Crudely characterized, then, there is a question here about whether the teacher is an expert with knowledge to impart or a facilitator engaged in a process of exchange with their students that has the potential to allow both to find their voice. In fact, in this formulation it begins to assume the form of venerable question regarding whether composition can be taught or is “innate.” For the composition teacher, however, it is important to break down this pedagogical binary: there are (classed, gendered) routes to self-realization within more traditional music pedagogy—why would so many teachers, performers, and composers be here if there were not?—while Allsup is not advocating a learning environment in which teachers have no expertise and students are only confronted with what they know—quite the opposite in fact.14 Rather, the tendency in more recent pedagogical literature is to help students come up with responses to their own particular position in their world and to learn skills that will help them express themselves more fully (e.g., hooks, 1994).

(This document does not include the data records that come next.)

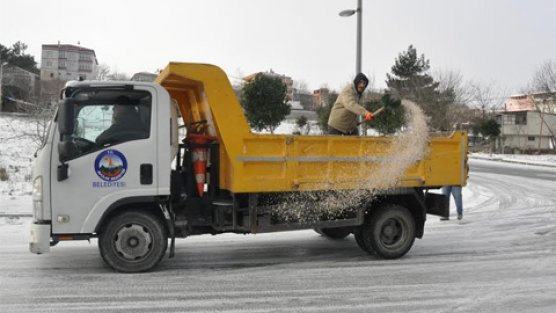 Avcılar'da kar önlemi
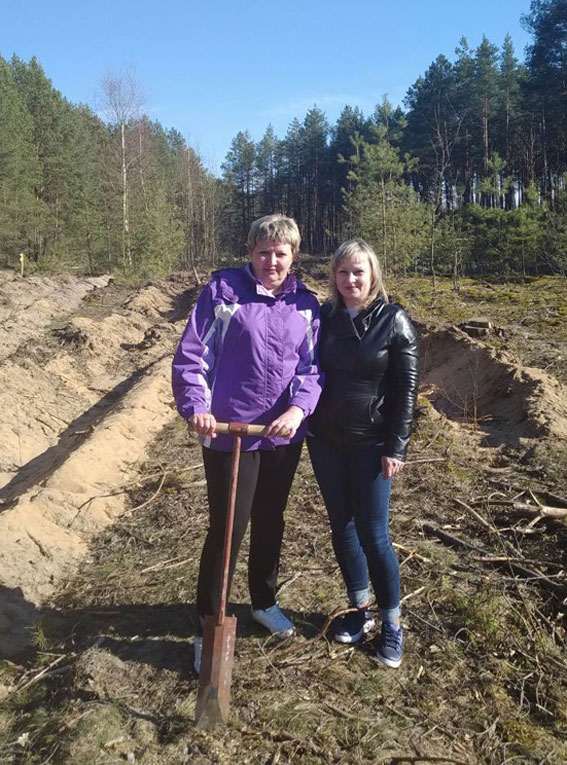 Нотариусы Шкловской нотариальной конторы в ходе «Недели леса» высадили 720 деревьев
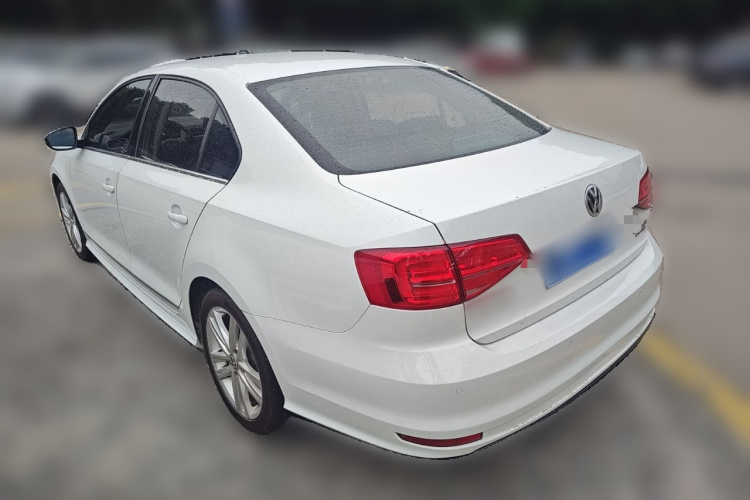 Volkswagen Sagitar 2018 immagine di auto #5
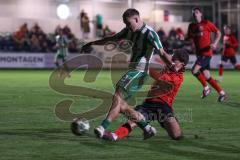 Landesliga - Saison 2025/26 - SV Manching - TSV Aindling - Fabian  Neumayer (Nr.9 - SV Manching) - Noah Menhart rot Aindling  - Foto: Meyer Jürgen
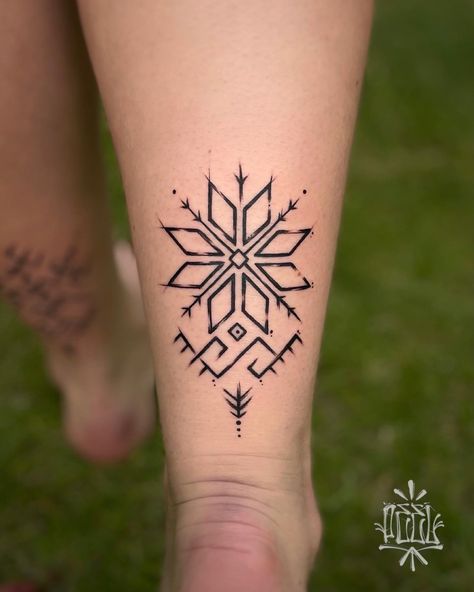 Bulgarian Embroidery Tattoo, Bulgarian Symbols Tattoo, Traditional Lithuanian Tattoo, Latvian Tattoo Ideas, Slavic Tattoo Symbols, Russian Style Tattoo, Latvia Tattoo, Scandinavian Tattoo For Women, Baltic Symbols Lithuania Tattoo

The implementation in practice of such a position is less simple than it might first appear. Students do not arrive as blank slates but with particular ideas of what music is and should be, while, at the same time, as Michele Kaschub and Janice Smith write, “[i]mitative works are often the first to emerge” (2013, p. 7). The response to these works is usually both to provide technical feedback that might make these pieces more like their models, while also facilitating a process of expansion and discovery so that students have a wider world of music to choose from. The latter includes being exposed to different kinds of music, trying out new composition techniques and contexts, and experimenting with instruments. I am often reminded of a fellow student who was perfectly happy creating music that resembled its models with—to me—incredible accuracy. For most of a music education this should be unproblematic, though issues may arise in later tertiary study, which is geared further toward the training of future artists. This example is useful in that it points out that music education, even in the empowering and diverse recent literature, is still invested in a sense of unique selfhood. That a self might be completely happy to submit to previous models is so rarely considered shows the level to which we are still invested in the idea that we are all unique, that the idea of genius as individual spirit lingers.